+++ Data for this exercise

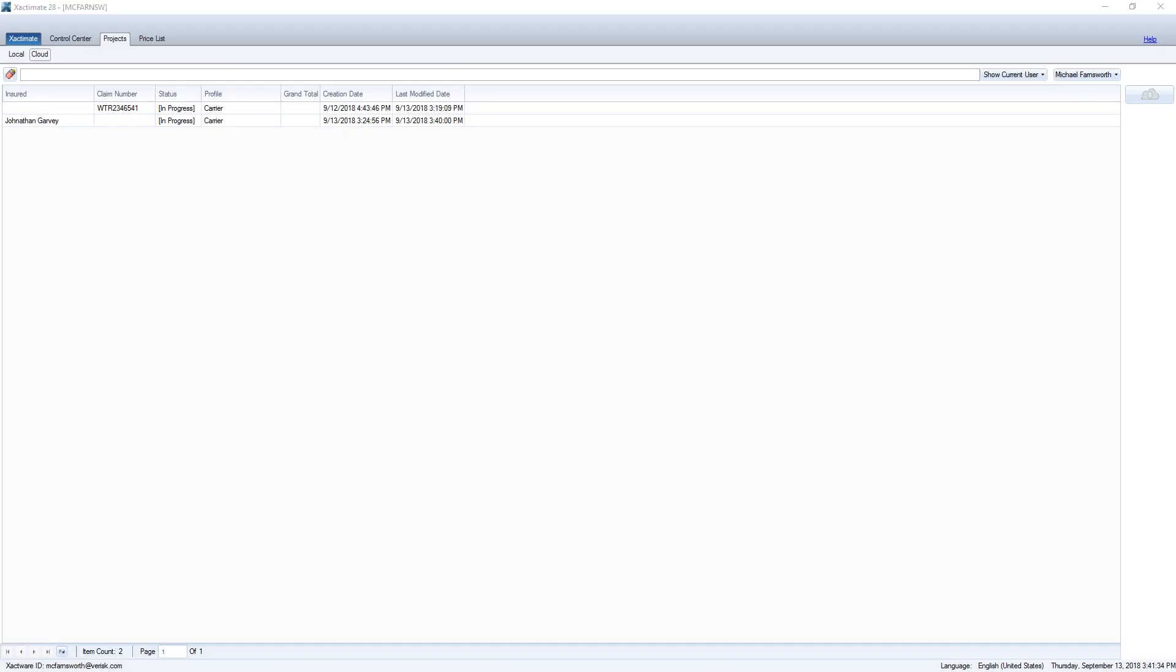That's it. I have now merged my project from Xactimate Mobile into my existing project. Now you don't have to worry about not having a network connection in the field.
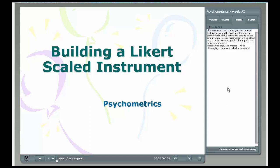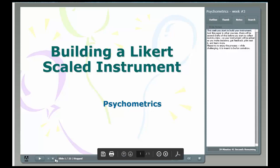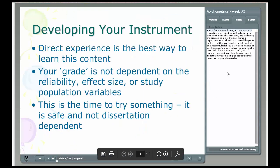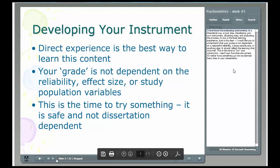In this course example, the instructor used Adobe Presenter to record lectures. In each lecture, a transcript is provided that is equivalent to the audio in the lectures. This ensures the lectures are accessible to all students.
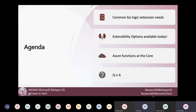Moving quickly to what I plan to cover in this session. I've watched a few sessions today and most have been around the low-code, no-code theme. But as Annie presented, Power Platform is not just about no-code or low-code for citizen developers or IT professionals — there's also a lot of scope for advanced functionalities. I'll cover common business logic extension needs, available extensibility options, Azure Functions at the core, and then open the floor for Q&A.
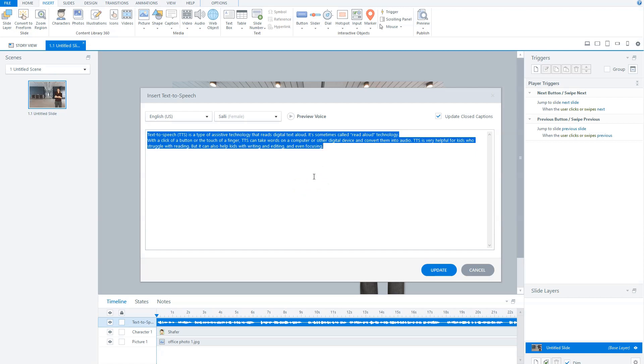Now, the next step is that I will share some tips with you for using Text-to-Speech in Articulate Storyline, so you'll get the best possible result.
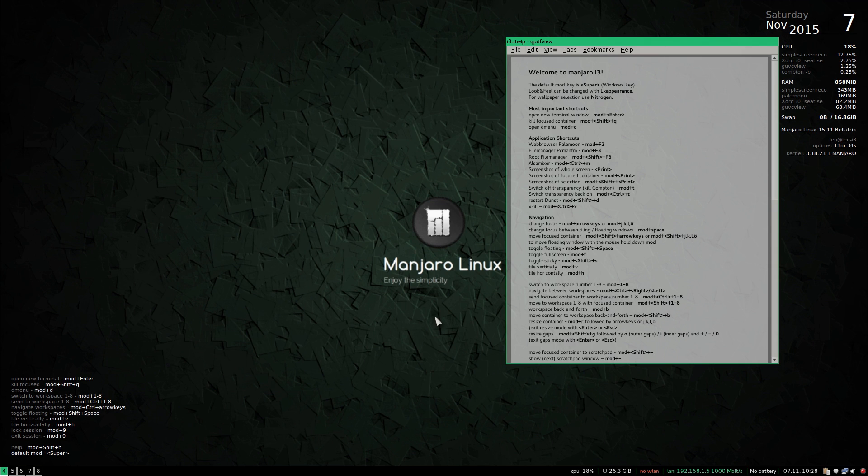So that's it for this video guys, this is Manjaro i3, hope you enjoyed it. Comment and subscribe and I will see you soon, take care guys.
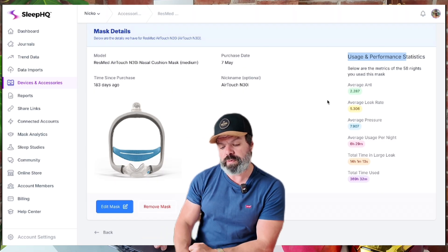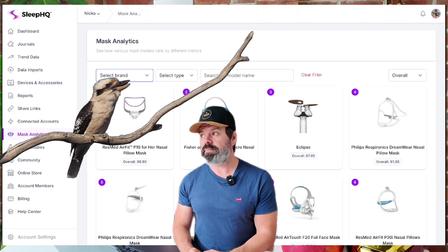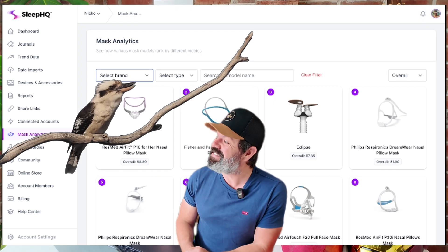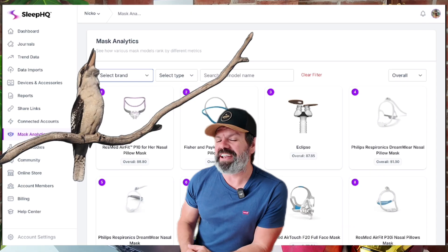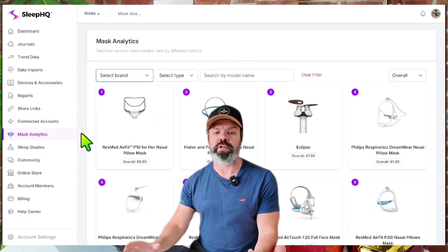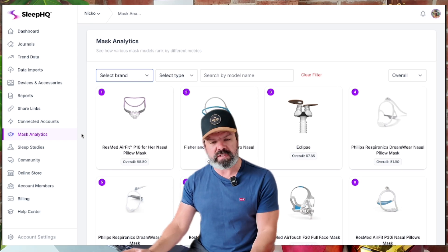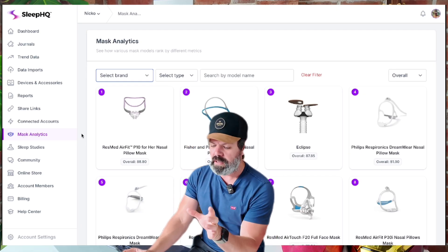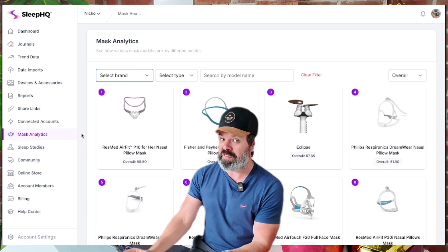But if we come across to the mask analytics menu here — a kookaburra is going nuts outside! — we can now compare all the different mask models across the entire Sleep HQ database. Thousands of members, millions upon millions of high-resolution mask data right here at your fingertips, and you can sort it however you like.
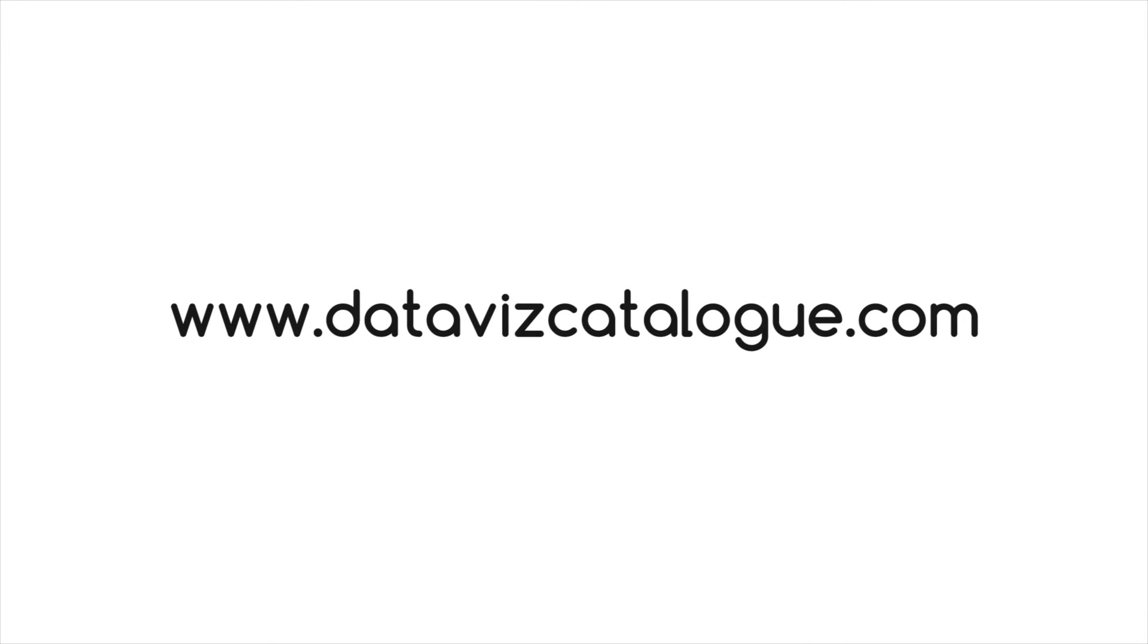To find out more information on this chart, such as tools you can use to generate it, follow the link below in the description.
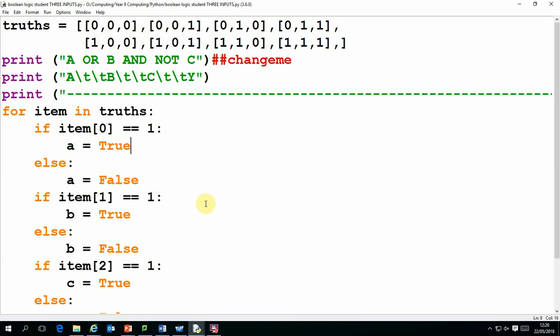In this tutorial I will explain how you can use Python to evaluate truth tables, in this case with a range of three inputs which we'll call A, B, or C.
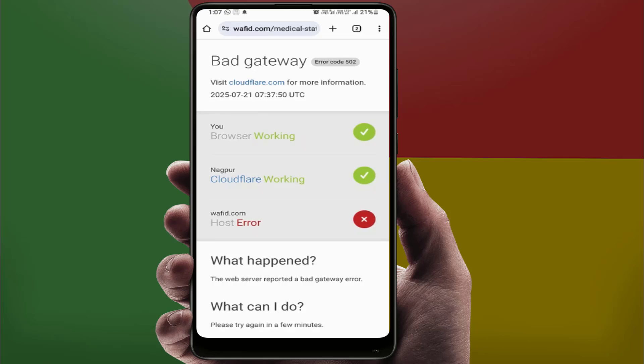Let's get started one by one. When you are facing this type of problem, first you need to simply refresh your page. Just swipe down on your Chrome tab to reload the page. Sometimes the error is temporary and clears up on its own. Just try refreshing your page two to three times.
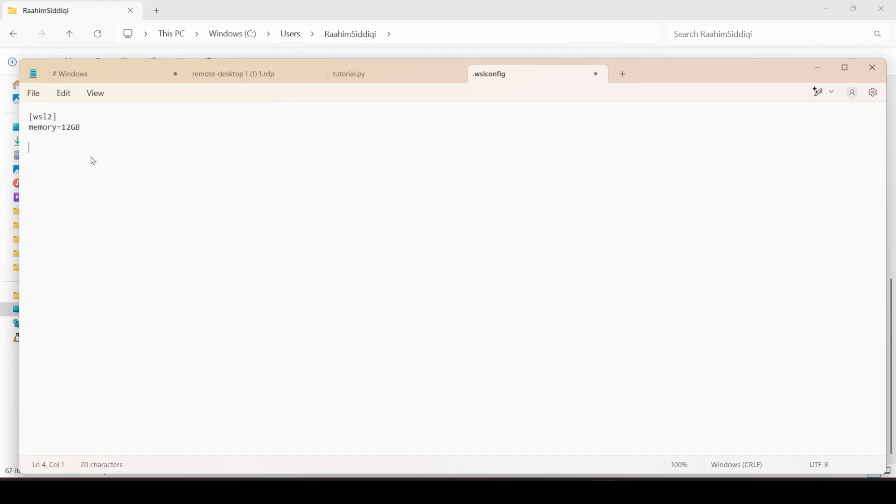Now you can also do the swap space. Swap is equal to 8 GB, for example. Or we can go with even 12 GB, but let's just go with 8. So this gives us a total of 20 GB of memory, essentially.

++++++

_What is expected_: Exact copy, pictures excluded: repeat the lines from the top of the material through the line with "In this course".

_The completed task_:
That's it. I have now merged my project from Xactimate Mobile into my existing project. Now you don't have to worry about not having a network connection in the field.
In this course example, the instructor used Adobe Presenter to record lectures. In each lecture, a transcript is provided that is equivalent to the audio in the lectures. This ensures the lectures are accessible to all students.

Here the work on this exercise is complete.